74 Ill. 178 | Ill. | 1874

Mr. Justice Craig

delivered the opinion of the Court.

This was an action, on the case, brought by appellee, in the Superior Court of Cook county, against Edmund D. Taylor, to recover damages sustained upon a certain quantity of teas caused by leakage of water in a certain building occupied by appellee under a lease from Taylor, as a wholesale tea store.

A trial was had before a jury which resulted in a judgment in favor of appellee for $1,471.75. The court overruled a motion for a new trial and rendered judgment upon the verdict, to reverse which the defendant, Taylor, has prosecuted this appeal.

It appears from the record that appellant formerly owned a double building in Chicago, arranged into two stores, known as Ho. 274 and 276 S. Water street; the former he gave to his wife, and the latter to his daughter, Mrs. Strather; these stores were destroyed by the fire of October, 1871, and were subsequently rebuilt. The building contained a stairway in the center, and a partition between the stores back of the stairway. The water closets for the building were at the rear end of the hall in the second story ; the water pipe, which runs from the basement up the partition in store No. 274, supplied the water closets, and also a sink in the hall over store 276, which was a few feet in front of the water closets.

There was a crank to the rod in the hall for the purpose of shutting off the water from the main pipe, to guard against freezing in a cold night.

In September, 1872, Mrs. Strather died, leaving only one child, Cora, an infant. In January, 1873, Cora having no guardian, appellant directed D. Cole & Sons to lease her property. Under this direction they made a contract with appellee to lease him the first floor and basement from January 15th, 1873, to the 1st of May, 1873, at $75 per month.

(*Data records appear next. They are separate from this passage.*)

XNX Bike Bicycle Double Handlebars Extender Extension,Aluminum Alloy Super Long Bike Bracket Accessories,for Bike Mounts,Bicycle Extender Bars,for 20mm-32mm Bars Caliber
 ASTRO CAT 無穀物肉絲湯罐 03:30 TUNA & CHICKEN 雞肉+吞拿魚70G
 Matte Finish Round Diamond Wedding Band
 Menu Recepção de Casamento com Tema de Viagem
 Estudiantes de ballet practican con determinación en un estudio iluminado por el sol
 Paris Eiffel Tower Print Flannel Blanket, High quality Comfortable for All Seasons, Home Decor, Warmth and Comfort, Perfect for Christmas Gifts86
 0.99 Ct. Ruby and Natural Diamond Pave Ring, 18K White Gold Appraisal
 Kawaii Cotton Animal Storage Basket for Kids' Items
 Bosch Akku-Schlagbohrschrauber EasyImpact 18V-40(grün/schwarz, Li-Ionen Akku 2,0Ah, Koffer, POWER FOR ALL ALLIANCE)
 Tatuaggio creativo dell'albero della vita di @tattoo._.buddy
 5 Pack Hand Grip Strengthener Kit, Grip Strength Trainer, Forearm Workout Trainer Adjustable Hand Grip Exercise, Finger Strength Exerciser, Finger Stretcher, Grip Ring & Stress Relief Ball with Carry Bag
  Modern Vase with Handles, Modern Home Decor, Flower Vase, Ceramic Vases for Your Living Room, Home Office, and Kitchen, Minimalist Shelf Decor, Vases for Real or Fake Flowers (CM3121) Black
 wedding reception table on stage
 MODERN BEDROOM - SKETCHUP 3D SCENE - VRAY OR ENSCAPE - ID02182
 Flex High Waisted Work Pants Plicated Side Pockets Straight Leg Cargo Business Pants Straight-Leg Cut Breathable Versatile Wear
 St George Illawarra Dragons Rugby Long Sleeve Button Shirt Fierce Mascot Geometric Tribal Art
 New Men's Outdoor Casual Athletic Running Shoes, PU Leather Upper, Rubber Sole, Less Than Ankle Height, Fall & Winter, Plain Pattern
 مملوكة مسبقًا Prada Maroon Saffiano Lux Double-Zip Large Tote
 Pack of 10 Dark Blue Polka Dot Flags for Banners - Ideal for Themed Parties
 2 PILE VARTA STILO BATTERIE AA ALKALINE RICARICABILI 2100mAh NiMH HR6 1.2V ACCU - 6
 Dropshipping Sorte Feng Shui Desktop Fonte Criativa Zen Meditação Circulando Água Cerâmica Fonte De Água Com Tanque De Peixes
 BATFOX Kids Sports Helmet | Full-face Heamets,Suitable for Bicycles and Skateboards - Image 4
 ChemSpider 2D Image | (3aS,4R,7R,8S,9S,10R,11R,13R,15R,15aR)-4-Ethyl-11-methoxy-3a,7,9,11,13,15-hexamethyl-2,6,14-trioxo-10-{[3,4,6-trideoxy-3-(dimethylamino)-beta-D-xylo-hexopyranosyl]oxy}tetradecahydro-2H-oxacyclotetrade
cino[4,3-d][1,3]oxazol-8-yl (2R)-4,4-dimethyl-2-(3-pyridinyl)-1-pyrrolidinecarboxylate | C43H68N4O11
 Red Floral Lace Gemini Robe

Á lease was prepared and executed by E. D. Taylor, appellant, agent, as a party of the first part, and by appellee as party of the second part. One provision of the lease read as follows : “ The said party of the second part is to keep all side-walks in front of the premises in good order, ashes, garbage, and slops of every kind and nature, clear and clean off, and from or about the said premises at his own costs, and also to keep sewer, and catch basin clean, so it will carry off the slops and waste water, at his own cost, and in case of any damage caused by leakage of water the said first party shall not be responsible therefor.”

The lease also contains this clause: “ The second party is not to keep, or cause to be kept, any spirits in said premises, and also to keep the hydrants and pipes, fences and privies and all other parts of the house in good order, free of all costs to said first party during this lease.”

The lease also contains a clause that the party of the second part has received the premises in good order and condition, and that he will return them in like good condition.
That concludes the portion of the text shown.